All ears


      • to be fully attentive and eager to listen
        To show keen interest and readiness to listen to someone or something, often in a respectful or enthusiastic manner.

      • to be eagerly anticipative
        To eagerly await news, updates, or information on a particular topic or event.

      • to be very sensitive or receptive
        To have a heightened sense of awareness and sensitivity, often used in reference to sound or music.

    Examples of All ears

    • The sales pitch was so captivating that the entire audience was All ears.

      This idiom is used to describe a situation where people are completely focused and attentive, as if they are listening with their entire body. In this example, the sales pitch was so engaging that everyone in the audience was completely focused and listening intently, as if their ears were the only thing they could hear.

    • When my friend told me about her new job, I made sure to give her my undivided attention and be All ears.

      This example shows how the idiom can be used in a more personal and conversational context.
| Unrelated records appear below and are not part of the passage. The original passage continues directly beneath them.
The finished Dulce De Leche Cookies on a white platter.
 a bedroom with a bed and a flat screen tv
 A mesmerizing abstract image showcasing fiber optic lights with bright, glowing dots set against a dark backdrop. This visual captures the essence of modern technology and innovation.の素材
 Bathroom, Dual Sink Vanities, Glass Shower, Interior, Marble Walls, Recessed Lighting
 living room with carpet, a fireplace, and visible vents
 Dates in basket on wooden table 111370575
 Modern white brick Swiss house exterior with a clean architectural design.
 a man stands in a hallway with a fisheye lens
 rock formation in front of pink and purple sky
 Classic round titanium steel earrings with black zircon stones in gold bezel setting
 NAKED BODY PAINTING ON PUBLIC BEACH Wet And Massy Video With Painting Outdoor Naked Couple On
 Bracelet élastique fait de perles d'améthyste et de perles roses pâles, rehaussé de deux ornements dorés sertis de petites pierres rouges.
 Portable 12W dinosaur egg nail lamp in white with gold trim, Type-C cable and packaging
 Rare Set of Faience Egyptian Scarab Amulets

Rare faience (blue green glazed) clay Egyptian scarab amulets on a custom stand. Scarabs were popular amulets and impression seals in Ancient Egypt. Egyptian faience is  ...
When someone shares important news with us, we want to show them that we are fully present and listening carefully, as if our ears are the only thing that matters in that moment.

    • The politician's speech was so long-winded that the audience's ears started to hurt.

      This example shows how the idiom can be used to describe a negative situation, where people are forced to listen to something for too long and become uncomfortable or fatigued. In this case, the audience's ears may have been figuratively hurting from the length and dullness of the politician's speech.

    • The teacher's lecture was so fascinating that I hung on her every word, All ears.

      This example shows how the idiom can be used to describe a positive situation, where people are eagerly listening to something because they find it interesting or valuable. In this case, the speaker's words were so captivating that the listener was completely focused and attentive, as if their ears were the only thing that mattered in that moment.

    • The musician's concert was so loud that I had to put my fingers in my ears to block out the noise.

      This example shows how the idiom can be used in a more physical context, where people are trying to protect their ears from excessive noise. In this case, the listener may have been overwhelmed by the volume of the music and had to physically cover their ears to prevent damage or discomfort.


    The idiom "all ears" is commonly used to express a state of attentiveness and eagerness to listen to someone or something. It can also convey a sense of anticipation or heightened sensitivity.

    In its first meaning, "all ears" is often used in conversations to show that the listener is fully engaged and receptive to the speaker's words. It can also be used as a polite way to express interest in someone's story or opinion. This usage is often seen in social or professional settings.

    The second meaning of "all ears" is more commonly used in a casual or informal context. It conveys a sense of eagerness or anticipation, as if one is eagerly waiting to hear some exciting news or updates. This meaning is often used in everyday conversations between friends or acquaintances.

    Lastly, "all ears" can also be used to describe someone who is very sensitive or receptive, particularly in terms of sound or music. This meaning is often used in reviews or critiques of performances or recordings, where the person is extremely attuned to the nuances and details of the music.

    Origin of "All ears"

    The origin of the idiom "all ears" is uncertain, but it is believed to have originated from the phrase "ears pricked up". This phrase was used to describe the attentive and alert posture of animals such as horses or dogs, who would prick their ears up when they heard something interesting or unfamiliar.

    Over time, the phrase evolved into "all ears", which is now used to describe a person's heightened state of attentiveness and receptivity. It has been used in English literature since the 17th century and has become a commonly used idiom in modern English.

    Examples of this idiom can be found in various literary works, such as in Shakespeare's play "Antony and Cleopatra" where the character Cleopatra says, "I am all ears" when she is eagerly awaiting news from a messenger. It has also been referenced in popular culture, such as in the TV show "Friends" where the character Joey says, "I'm all ears" to show his interest in hearing about his friend's date.